Friday, March 23, 2012
Similarity Scores: a very beta feature
Posted by Dan BrooksLast night during the heart-stopping Syracuse-Wisconsin game, Harry and I were talking (okay, Harry was mostly watching his team win by the skin of its teeth) about ways to improve the Brooks Baseball player card system. We exchanged some data and are presenting the first of our "data-driven" search tools—pitcher similarity.
This feature is incredibly beta and likely to change over the next few weeks, but right now when you search for a player (let’s pick Josh Beckett), you will get a table listing other players in the "Josh Beckett Family," along with the "distance" to each player.
The scores are generated by comparing a vector of pitch speed, frequency, release, spin angle, and spin rate using MATLAB’s knnsearch algorithm to identify neighbors. Currently, we’re presenting the top five neighbors for each pitcher.
These are not perfect right now. We haven’t weighted the scores yet (that’s another conversation over basketball), so while we do a good job representing pitch mix and style, we’re not doing a very good capturing pitch speed yet.
There are also a few pitchers with hardly any comparables. Matt (@HouseOfTheBB) noted that neither Roy Halladay nor Mariano Rivera have a comparable pitcher at all!
Punch in a few pitchers, and let us know how our system is doing. Let us know over Twitter if we’ve really missed on someone. I'm @brooksbaseball, and Harry is @harrypav.

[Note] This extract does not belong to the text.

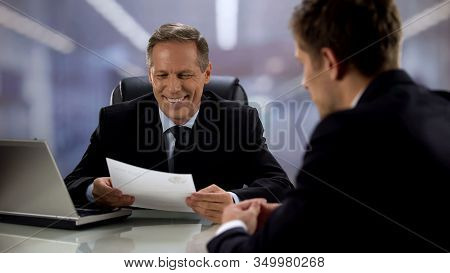 Smiling Boss Reading Curriculum Vitae Of Employee, Appropriate Candidate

Dan Brooks is a Neuroscientist at Brown University. He operates BrooksBaseball.net and eats Fried Chicken during every Red Sox game, especially in September. Come follow him @brooksbaseball.







Had an auction-keeper draft last week. 10 team, AL only, 12 fielders, 8 pitchers (field gets thin fast). My last pick was Vargas at $1. I plugged him into your system and his closest match is Lester(283). Is this a good sign? How could this be used for a fantasy edge?